Kaufhäuser in Not

Konsumtempel bangen um Zukunft / Jobs bleiben auf der Strecke

  • Manfred Wieczorek
  • Lesedauer: 2 Min.
Sie sammelten Unterschriften, demonstrierten und verklebten die Schaufenster ihrer Warenhäuser, um zu zeigen, wie öde die Innenstadt ohne Kaufhaus wäre. Betriebsräte und Mitarbeiter von Karstadt ließen nichts unversucht, um ihre Arbeitsplätze zu retten. Doch alles half nichts, am Dienstag musste der Mutterkonzern Arcandor Insolvenz anmelden. Damit stehen erneut einschneidende Veränderungen bei Karstadt bevor. Ohnehin stellt sich die Frage nach der Zukunft der großen Konsumtempel.

Zunächst hatte Karstadt in großem Stil eingekauft: Hertie und damit auch Wehmeyer sowie SinnLeffers wurden übernommen. Der Name Hertie verschwand. Dann die Kehrtwende. Wehmeyer und SinnLeffers wurden verkauft, kleinere Karstadt-Häuser ausgegliedert, zunächst weiterbetrieben und dann ebenfalls verkauft. Unter dem Namen Hertie machten sie weiter. Bei all diesen Umstrukturierungen blieben Arbeitsplätze auf der Strecke.

Entweder teuer oder billig – das galt lange als Erfolgsrezept. Bei Karstadt setzte man auf teuer, konzentrierte sich auf Städte mit überdurchschnittlicher Kaufkraft. Und scheiterte. Doch auch die Karte »billig« sticht nicht mehr: Woolworth musste Insolvenz anmelden. Überleben könnten die mittelgroßen Filialen mit 1000 bis 1500 Quadratmetern Verkaufsfläche, die kleinen Läden könnten unter anderem Namen weitermachen. Nach der Woolworth-Übernahme durch den britischen Finanzinvestor Argyll Partners im Frühjahr 2007 mussten rund 3000 Mitarbeiter gehen.

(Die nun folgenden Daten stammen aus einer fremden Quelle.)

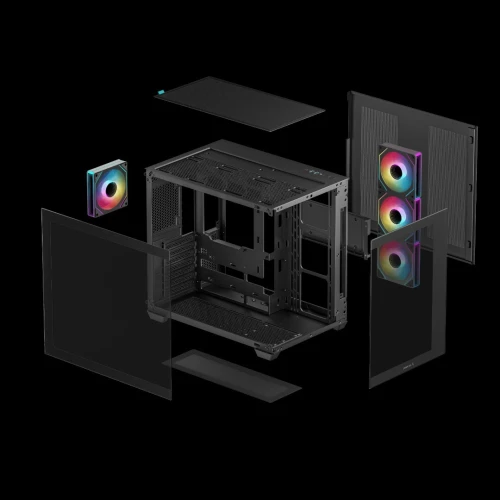 BOITIER DEEPCOOL CG530 BLACK ARGB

SinnLeffers und Wehmeyer sind momentan aus den Schlagzeilen verschwunden. Doch das bedeutet keineswegs eine gesicherte Zukunft: SinnLeffers hat die Zahl seiner Häuser auf 24 reduziert und nur die in den besten Lagen behalten. Wo immer es ging, wurden die Mietzahlungen gedrückt. Wehmeyer wurde von einem indischen Textilhändler übernommen und will mit Eigenmarken überleben. Die verbliebenen 900 Arbeitsplätze sollen mehr als halbiert werden.

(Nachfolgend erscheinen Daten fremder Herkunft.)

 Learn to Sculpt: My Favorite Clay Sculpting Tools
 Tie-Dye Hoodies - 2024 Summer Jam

Und Hertie? Hier versuchen die Bürgermeister der Hertie-Städte gemeinsam mit Betriebsräten und der Gewerkschaft ver.di die 54 Standorte zu retten. Doch schon im Sommer sollen die Häuser ihre Türen für immer schließen und 2600 Menschen ihre Jobs verlieren.

»Wir wollen keine Staatshilfe. Was wir wollen, sind Mietverträge«, sagt Hertie-Gesamtbetriebsratsvorsitzender Bernd Horn. Doch genau die will Hertie-Eigner Dawnay Day nicht geben. Und wenn, dann zu horrend hohen Preisen. Dawnay Day braucht Geld, schließlich hat man sich bei Aktiengeschäften verhoben. Das Geld für den Einstieg bei Hertie war von der Deutschen Bank geliehen. Deshalb haben Bürgermeister und Betriebsräte das Geldinstitut um Hilfe gebeten. Die Bank hatte am Dienstag zugesichert, einen Gipfel mit den Eigentümern der Gebäude, dem Insolvenzverwalter und möglichen Investoren zu organisieren.

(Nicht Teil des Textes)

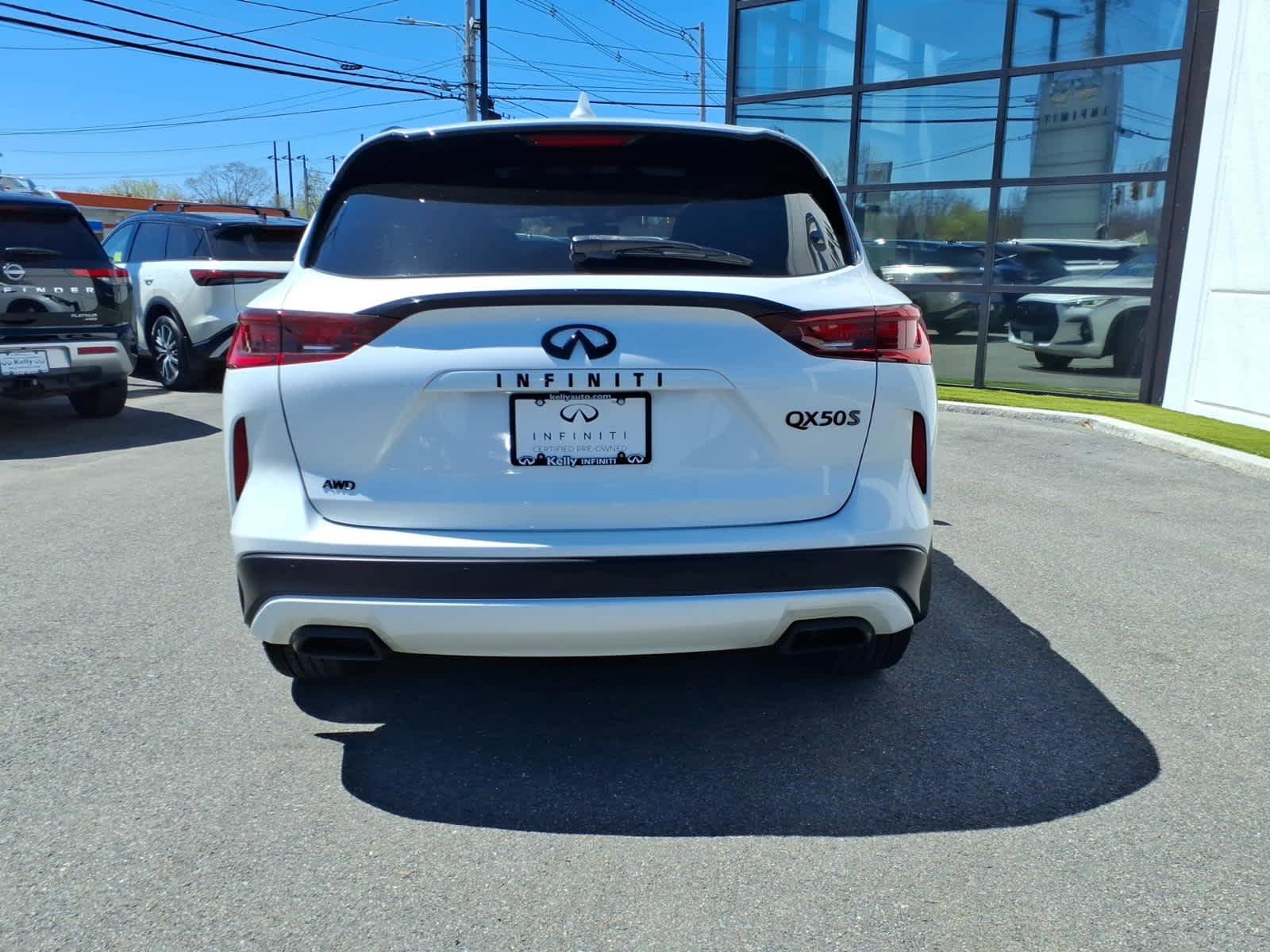 Certified 2023 INFINITI QX50 Sport AWD/4WD image 6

Kaufhof schließlich scheint mit seinem Konzept Erfolg zu haben und schickt sich sogar an, den Konkurrenten Karstadt zu übernehmen. Die zum Metro-Konzern gehörenden Häuser schreiben schwarze Zahlen. Doch das ändert nichts daran, dass klassische Warenhäuser seit den 1970er Jahren an Bedeutung verlieren. Shoppingcenter mit unterschiedlichen Fachhändlern unter einem Dach sind der Trend. Seit den frühen 90ern hat sich ihre Zahl auf über 400 mehr als vervierfacht.